In the mid-20th century, the Catholic Church ruled that cremation was acceptable for Catholics, which many practitioners don’t know, Byron said. One workshop attendee asked him how the church planned to preserve relics from potential saints if they’ve been cremated. Byron was stumped.
“The one question I get, and I don’t know,” he laughed.
Sharing your wishes
“I think the best thing people can do in anticipating the deaths of themselves or their loved ones is to be clear about what they want,” Byron said.
A frank conversation with relatives is the quickest way to do this, but it’s not always easy. For those who are tongue-tied about their own death or don’t know where to begin, there are workbooks with titles like “I’m Dead. Now What?” and “Peace of Mind Planner” with prompts to record final requests, last words and important information like account numbers and passwords.
In this digital age, there are also ways to plan for what happens to your social media accounts after you die. Facebook allows users to select “legacy contacts” who can memorialize a dead person’s account and keep the page running in their memory.
Several people at the Pax Christi workshop asked about green burials, an environmentally-friendly burial that allows a body to decompose directly in the ground as naturally as possible, without embalming or protective caskets. However, finding a cemetery that will do a green burial can be difficult, Willard said, and no one has asked Huber Funeral Home about the practice yet. Instead, around 60 percent of Huber’s customers request cremation and the rest opt for a traditional burial.
The good news: Funeral costs tend to rise at a slower rate than other services, Mueller said.
The bad news: As people live longer, health care and the cost of living can burn through savings intended for funeral services.
Some insurance companies have plans that reserve money specifically for funeral-related costs, which protects the funds from other uses.
Both Mueller and Willard recommended talking with a funeral director about a pre-funded funeral, in which you create an account with your funeral home of choice and pay for the cost of your funeral wishes before dying.
“We try to do as much as we can when somebody comes in the door like that,” Willard said.
He cautioned that at some funeral homes, this is not the same as being prepaid, and if any changes are made to the plan after dying, the cost can change.
Mueller also noted that burying someone’s cremated remains in the same plot as a casket is generally free or less expensive than buying another plot for the ashes.
As in any industry, there are popular trends that come and go, Willard said. The colors that people request for a decedent’s casket are usually in line with popular car colors, just a year or two late, he noted, and there’s even a “Camry”-style casket for automobile fans to be buried in. People will spend anywhere from five to 30 minutes viewing Huber’s samples, Willard said.
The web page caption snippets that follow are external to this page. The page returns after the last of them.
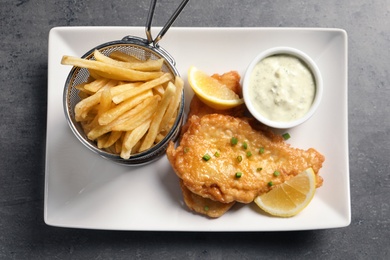 Photo of Plate with British traditional fish and potato chips on grey table, top view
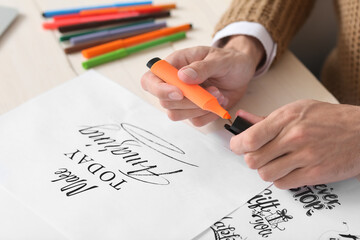 Young male calligrapher working in office, closeup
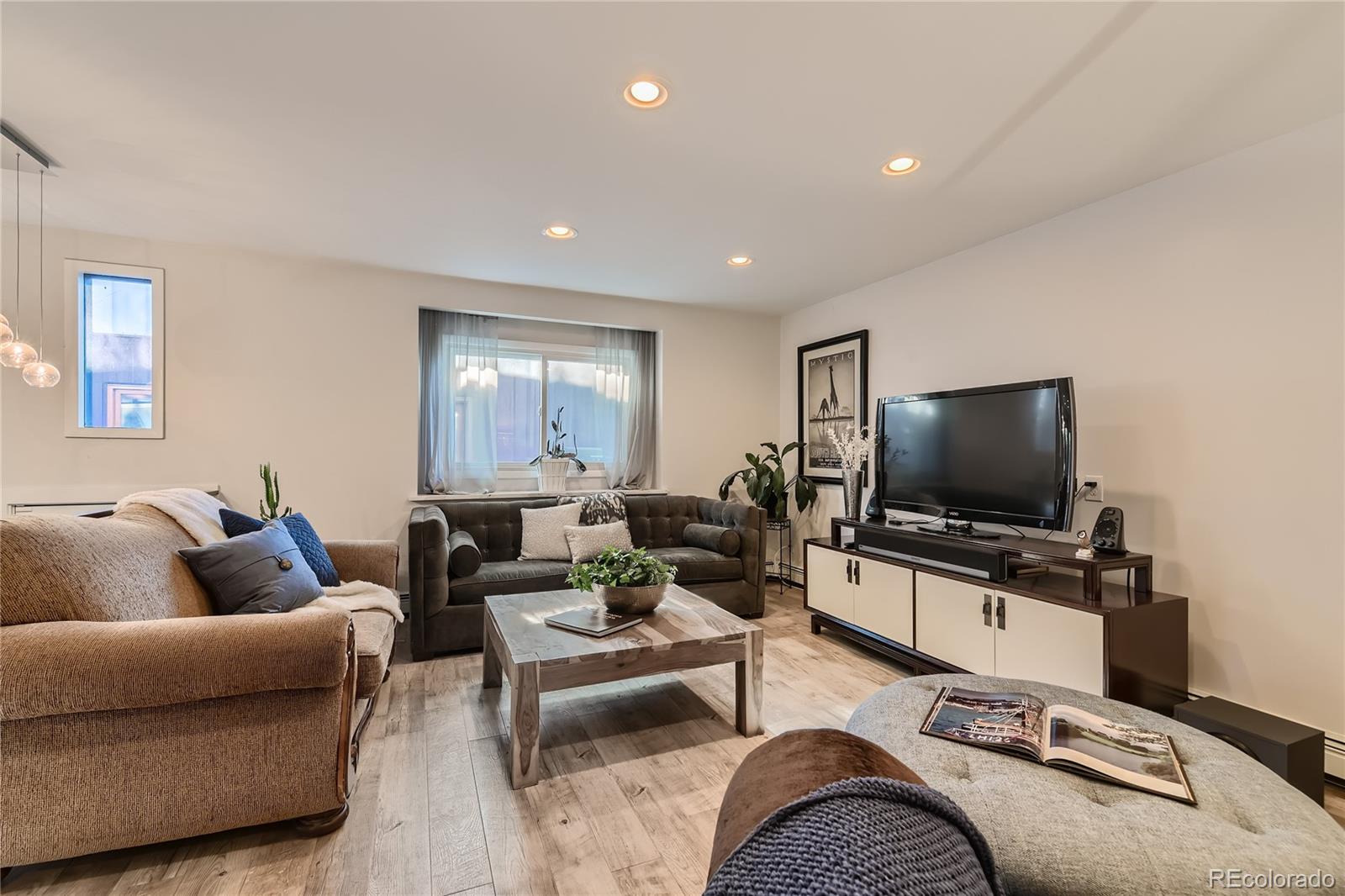 161 3rd Avenue Niwot, CO 80544 - Photo 16 of 41 a living room with furniture and a flat screen tv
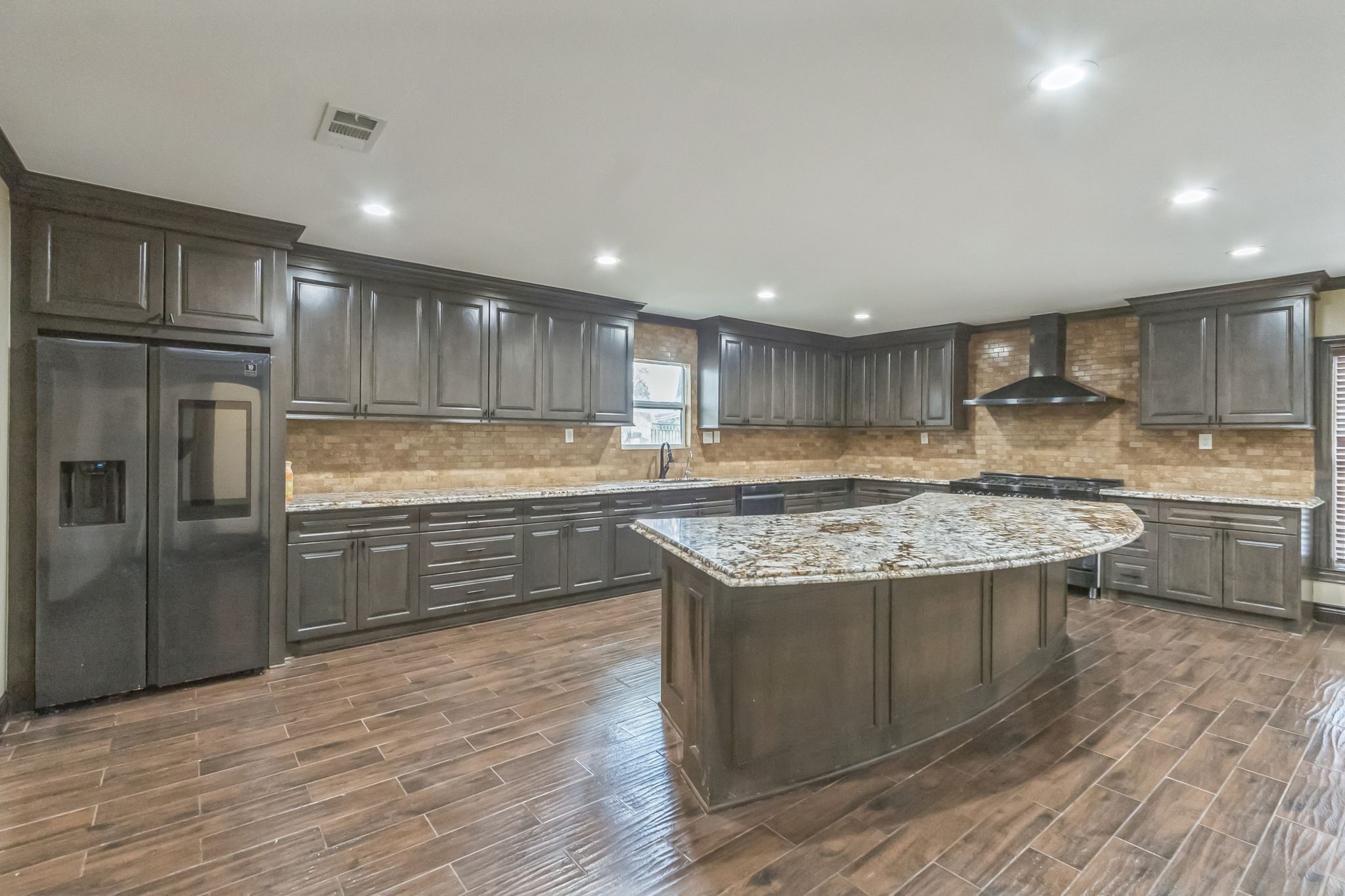 24578 Derry Street Hempstead, TX 77445 - Photo 13 of 50 The island is perfect for hosting and extra seating for people to gather while you cook!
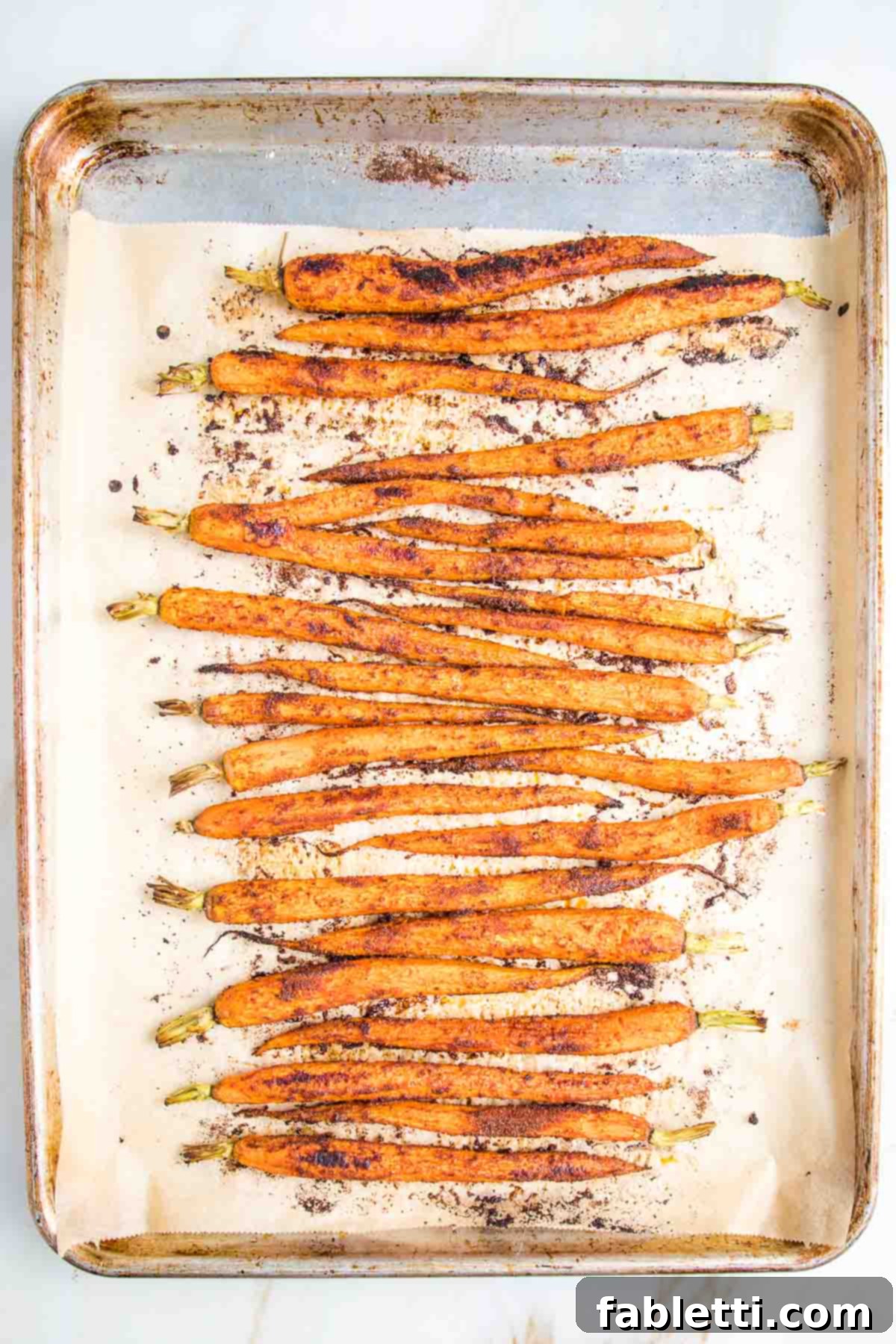 Roasted and spiced carrots on a parchment lined baking tray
While there are many options for caskets — wood or steel, ornate or simple, any color of the rainbow — there’s even more for cremated remains. Any container can be an urn, from ornate mother-of-pearl jars to containers shaped like a golf ball. There are even tiny memento urns available, if a family wants to scatter or bury most of the ashes but keep some close to home.
Those seeking thrills even after death can have their ashes pressed into diamonds, turned into shotgun shells or shot into space, Mueller said.
The one thing not to do, according to Byron, is bring an urn home to sit on the mantle, where it collects dust and is eventually forgotten, broken or shuffled off to the attic. Bury them, scatter them or shoot them into space, but don’t leave grandma’s ashes next to the cuckoo clock.